This demo shows Envoy running with Rotor as its xDS server. Consul is also running with two services, which Rotor discovers, and sends to Envoy as clusters.
To run the demo, use:
$ docker-compose up
in this directory to build and run the docker-compose.yaml
.
Rotor, Envoy, and Consul should start up. The Envoy admin console shows configuration and log information for Envoy and the configuration from Rotor.

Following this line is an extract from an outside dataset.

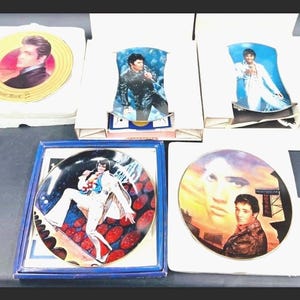 5 Elvis Presley Collectible Plates In Original Box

You can either visit /clusters on the Envoy admin console to see the Consul servcies horse.turbinelabs.io and cow.turbinelabs.io are loaded, or curl:
$ curl localhost:9999/clusters
You can also view the Consul web UI.
Rotor creates a listener at localhost:80 for Envoy's clusters.
Try:
$ curl -H "Host:cow.turbinelabs.io" localhost:80
or
curl -H "Host:horse.turbinelabs.io" localhost:80
to see the results.
This example registers two domains in Consul as service instances:
horse.turbinelabs.io and cow.turbinelabs.io. Normally, your service instances
would be registered as IP addresses, not hostname. To handle this case, Rotor
can take the flag ENV ROTOR_XDS_RESOLVE_DNS=true
, and it will resolve DNS
before passing the instance IPs to Envoy. If you plan to use Envoy to route to
hostname, make sure to set this flag.